Humans, as a species, are control freaks; we seek to establish complete dominion over our environment. In our selfish arrogance, we often fail to anticipate the consequences of our actions. Denial that there even are problems is common; assumptions of human mastery over all is a given. This attitude is apparent in our approach to dealing with both weather issues and climate change.

For instance, we see this whenever a drought occurs. The cries arise for cloud seeding, a vain attempt at producing or enhancing precipitation. Despite being pursued for well over half a century, whether it actually produces the desired results in still unclear. It does leave measurable, physical effects on the cloud, but it is not clear that it enhances precipitation. If so, it is on an inconsistent basis.
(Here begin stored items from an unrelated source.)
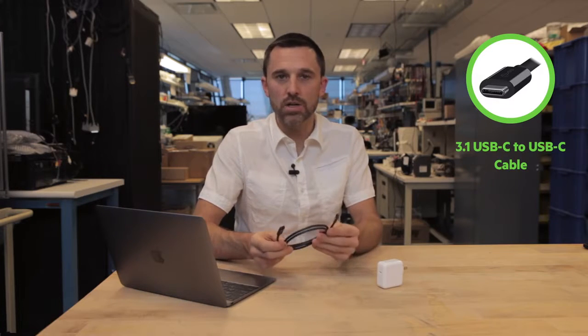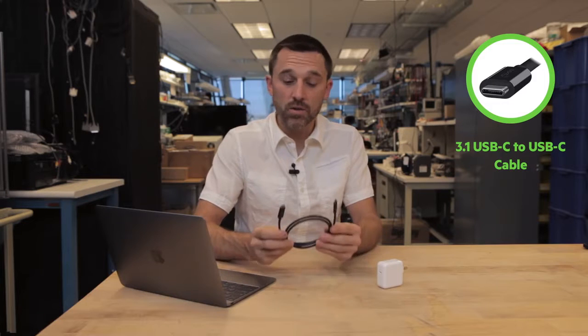This cable will power, charge, and sync all at the same time. So in the future, one day you might only need this one cable type for connecting any device to one another.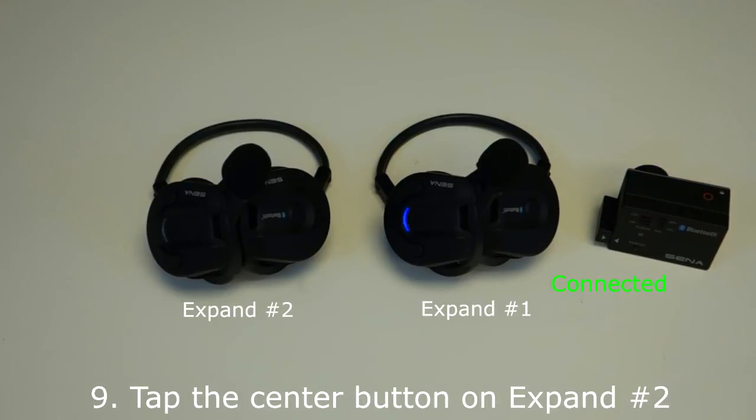Step 9: When placing expand headset number one into intercom pairing mode, this caused expand headset number two to be disconnected and returned to standby mode. To connect expand headset number two to expand headset number one, Step 10: tap the center button on expand headset number two.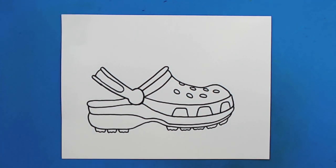And there you go — there is your drawing of a croc. I'm going to fast forward and start coloring this. Thanks for watching, hope you guys enjoyed. Bye!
Even knowing this, we persist in the belief that we can coerce nature to our bidding when and where we please through cloud seeding. The Chinese want to force rain to clear the air before the Olympics. The government of the Philippines, currently in an extended dry spell, are attempting cloud seeding to break the drought. At the request of farmers in Queensland and New South Wales, Australia, cloud seeding is again being pursued. I wish them luck, but whatever success they may have will likely be down to random chance.
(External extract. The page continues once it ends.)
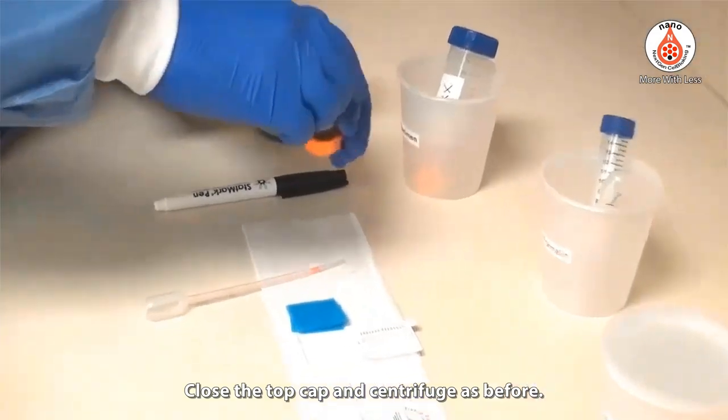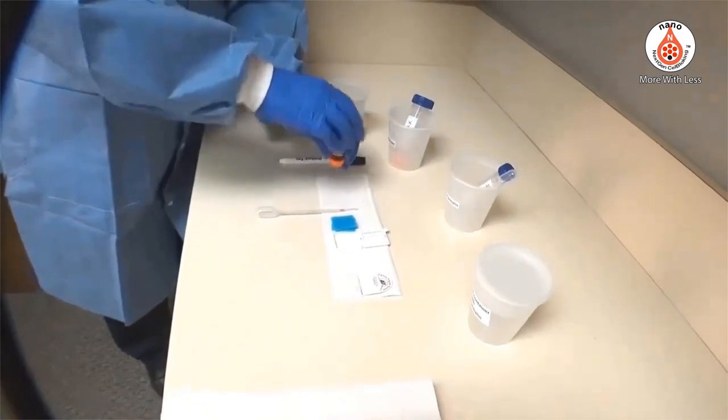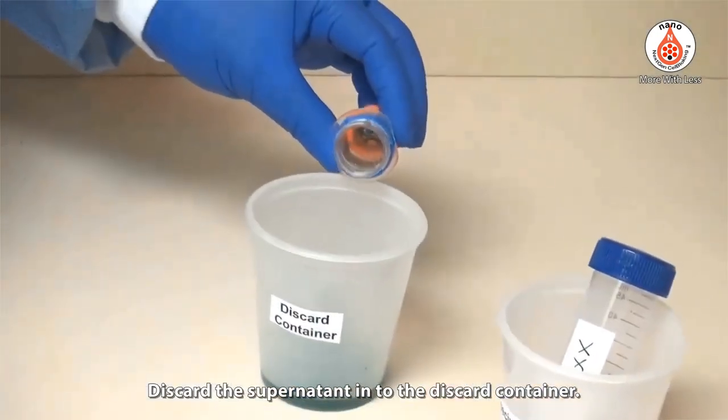Close the top cap and centrifuge again at the same settings as before. Discard the supernatant into the discard container.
While cloud seeding is not especially effective, at least it is relatively harmless, wasting only time and resources. More risky are larger-scale, geo-engineering projects offered up as solutions to anthropogenic warming or as ways to sequester carbon dioxide.

Dumping iron in the ocean to promote plankton growth is bound to have some sort of unexpected outcome. For example, in certain water conditions a plankton bloom can lead to a chain reaction resulting in further oxygen depletion of the water. This places further stress on the already overstressed ocean biosphere, creating a 'dead zone' in the ocean such as those observed off the Oregon coast the last several years. The consequences are potentially large, in theory impacting the food supply.

Proposals to create a 'sunshade' for the planet are potentially even worse. The idea that we can mimic a volcanic eruption and actually control the consequences is madness. Maybe, as an absolute last resort we could think about it, as Climate Progress noted. New Scientist reports that such a screen, incorrectly applied, 'could result in sudden warming – which would be worse than the long-term warming that had been avoided because of its swiftness'. They also report a later study which claimed that 'even if correctly deployed – a sulphur sunshade could have deleterious effects on the environment by reducing rainfall'.

None of this is meant to say that we humans cannot alter our environment. We just cannot control the outcomes or minimize the blowback, especially on regional and planetary scales. And it is the height of hubris to think we can. I would like to believe that we could learn something from the experiment we already have running – the 35% (and rising!) increase of CO2 in the last 100 years. Just look at how well that's turning out!

Here's an idea. Instead of trying to bend Nature to our will, let's cooperate with her. Instead, let's fix our behaviour -- something we can more reliably control-- and reduce our emissions of CO2 to slow the forcing and minimize the damage. It's only human.